Come Editore ho sempre avuto un’idea precisa, per quanto particolare, di quel che avrei dovuto fare. Sia chiaro, non vuol dire che io sia riuscito sempre a mantenermi aderente all’idea, le variabili sono decisamente molte in una realtà rigidamente liquida quale è il mondo letterario. Parlo di rigidità liquida, che è di fatto una contraddizione in termini, perchè a 17 anni dalla fondazione della Samuele Editore è questa l’idea che mi sono fatto e che meglio definisce un certo disagio nel viverci immerso.

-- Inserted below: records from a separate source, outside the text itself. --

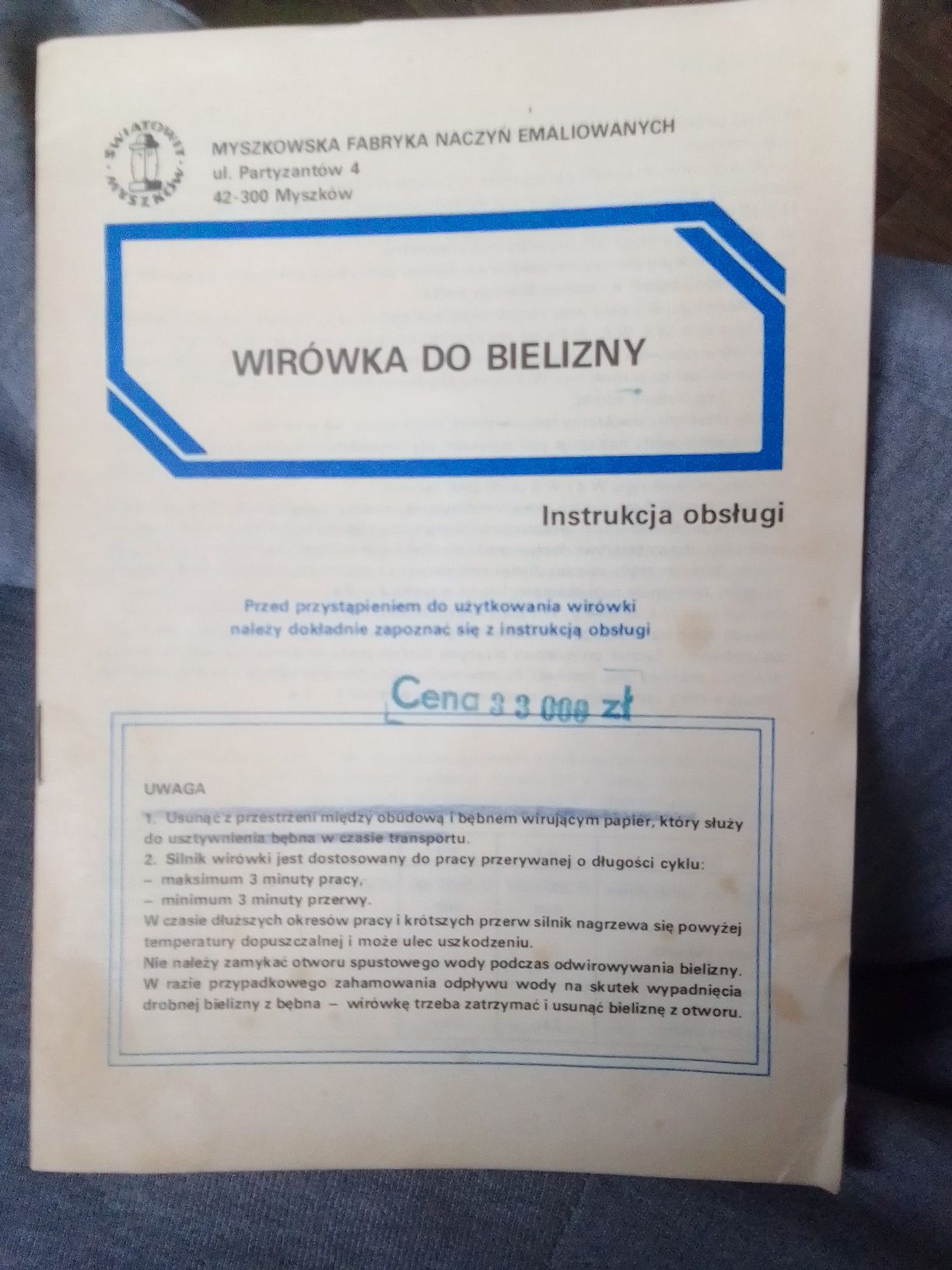 Zestaw dwóch instrukcji prl Predom pralka i wirówka do bielizny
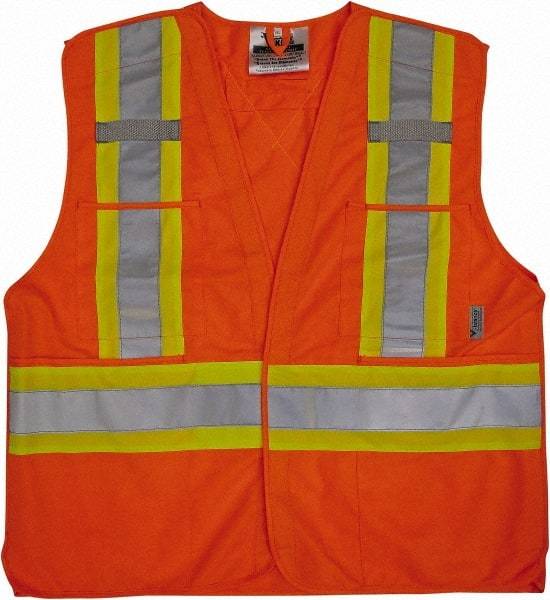 Viking - Size 2X/3XL High Visibility Orange Solid Breakaway Vest - 51 to 55" Chest, Hook & Loop Closure, 4 Pockets, Polyester - All Tool & Supply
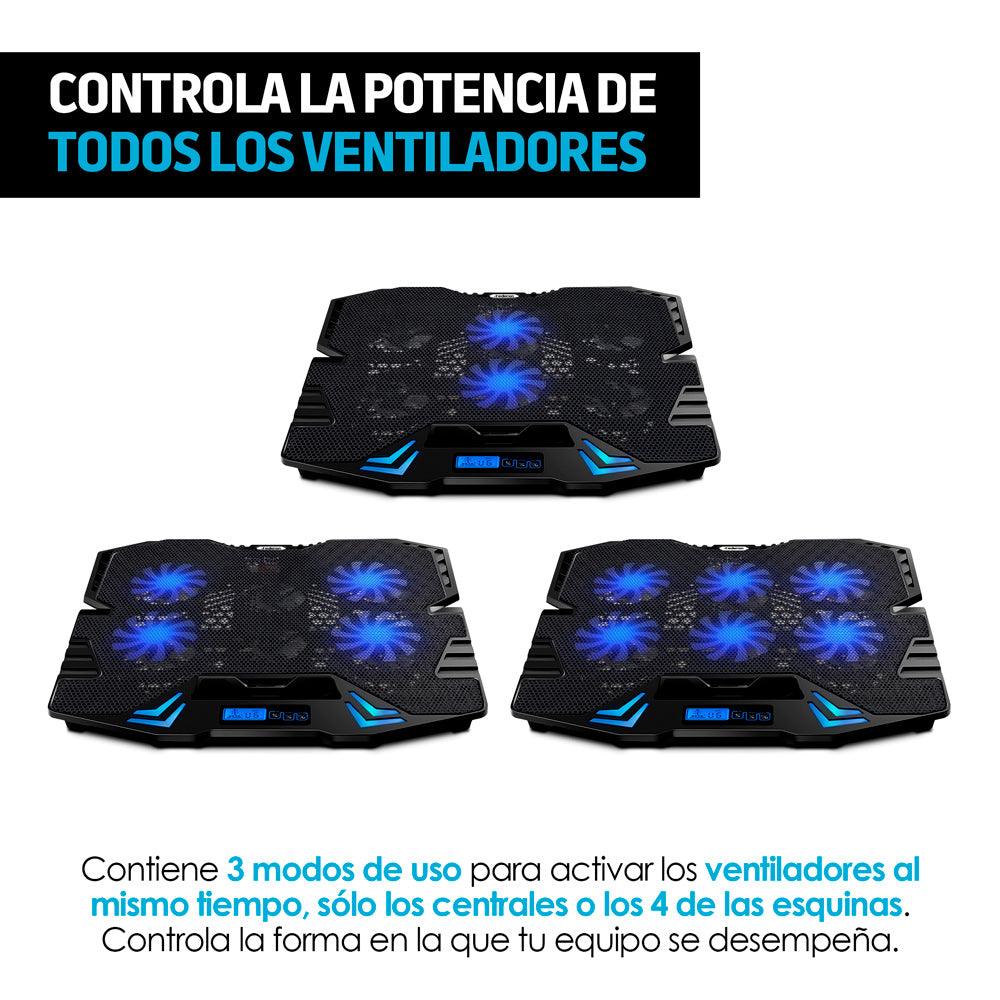 Ventilador y Soporte para Laptop Gamer de 6 Velocidades - Redlemon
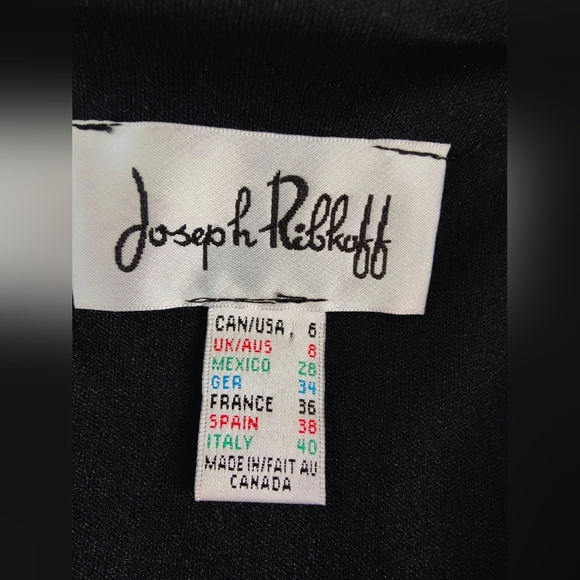 Joseph Ribkoff Black Dress With Collar & Sleeves Rhinestone Size 6 - Picture 13 of 15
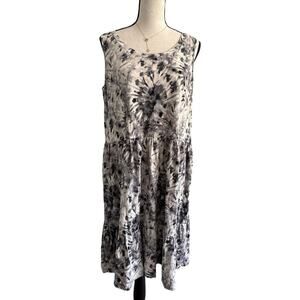 Women’s Gray Tie Dye Midi Tank Dress Pockets Cotton Blend MP Boho Resortwear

Consideriamo un dato di fatto tanto banale quanto imprescindibile: una collana di Poesia deve vendere. È così e non può che essere così perchè una Casa Editrice è un’attività imprenditoriale. Quindi per vendere io sono (o sarei) obbligato a proporre libri che so avere un mercato in un contesto dove la qualità non è ciò che vende. Vendono i personaggi. Ma il personaggio per definizione deve abbassarsi alla comprensibilità popolare cavalcando magari le battaglie del giorno più sentite.

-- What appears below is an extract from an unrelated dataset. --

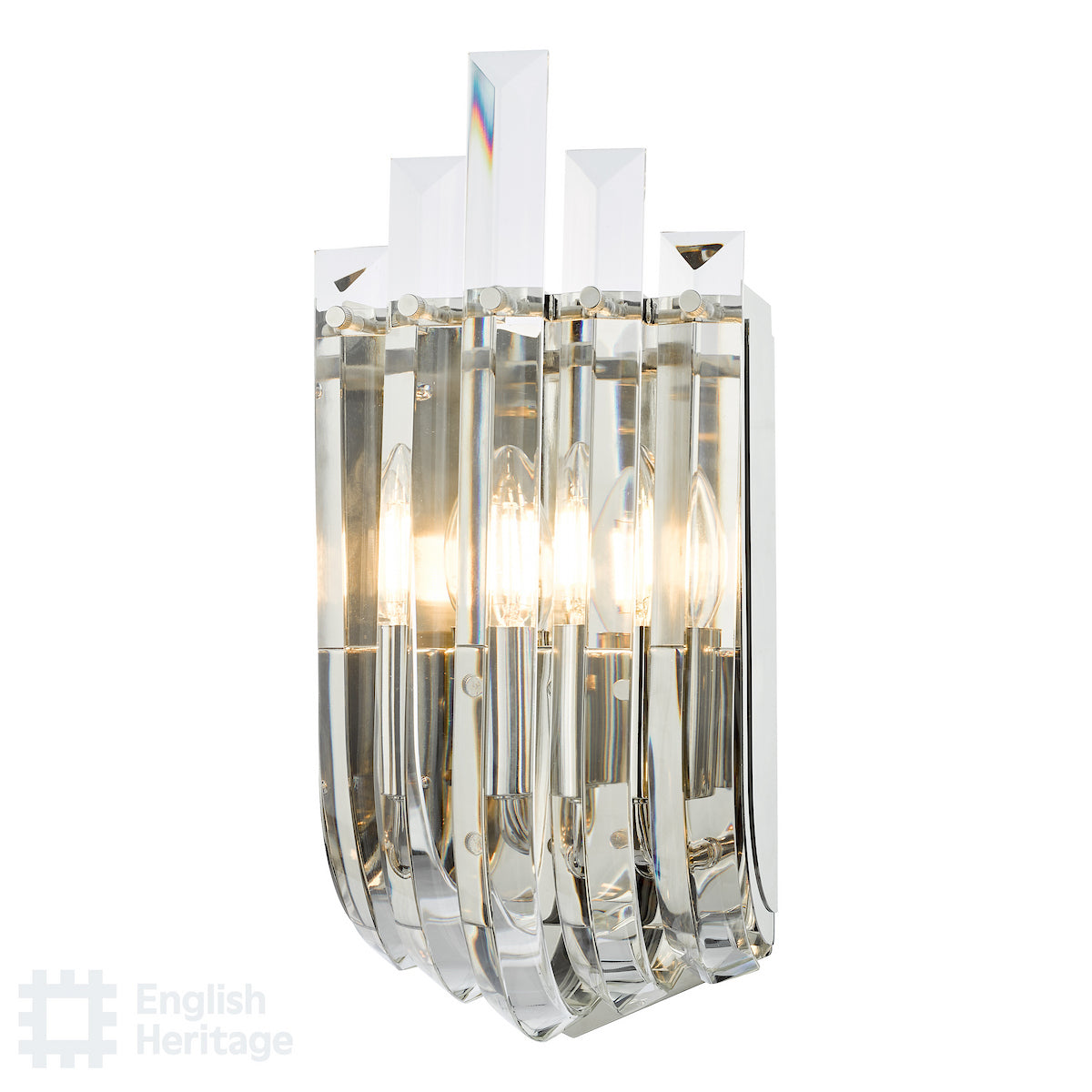 English Heritage Eltham 2 Light Wall Light Polished Nickel and Crystal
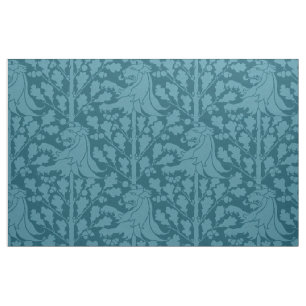 Lion and Oak, Peacock Blue Fabric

Altra possibilità, del tutto dignitosa, è quella di trovare una nicchia o costruire una bolla dove proporre qualcosa di estremamente riconoscibile e fertile di eco. Questo funziona ma ha un difetto intrinseco: è un percorso a veloce esaurimento che mi obbliga continuamente a cambiare direzione.
Questo è un discorso fatto da un Editore, non da un Autore, deve essere ben chiaro perchè le prospettive sono molto diverse. Un Autore può crearsi un profilo e delle relazioni forti proponendo un qualcosa di altissima qualità, e può riuscire. Ma un Autore non fa un Editore. La rigidità liquida è la definizione di un mondo in continuo mutamento ma che si appoggia e si arrocca al vecchio modello del personaggio importante o delle relazioni.
Infine c’è la possibilità che fin dalla prima ora ho cercato di cavalcare io, ovvero la costruzione di un pubblico da una parte e la costruzione di un dialogo dall’altra.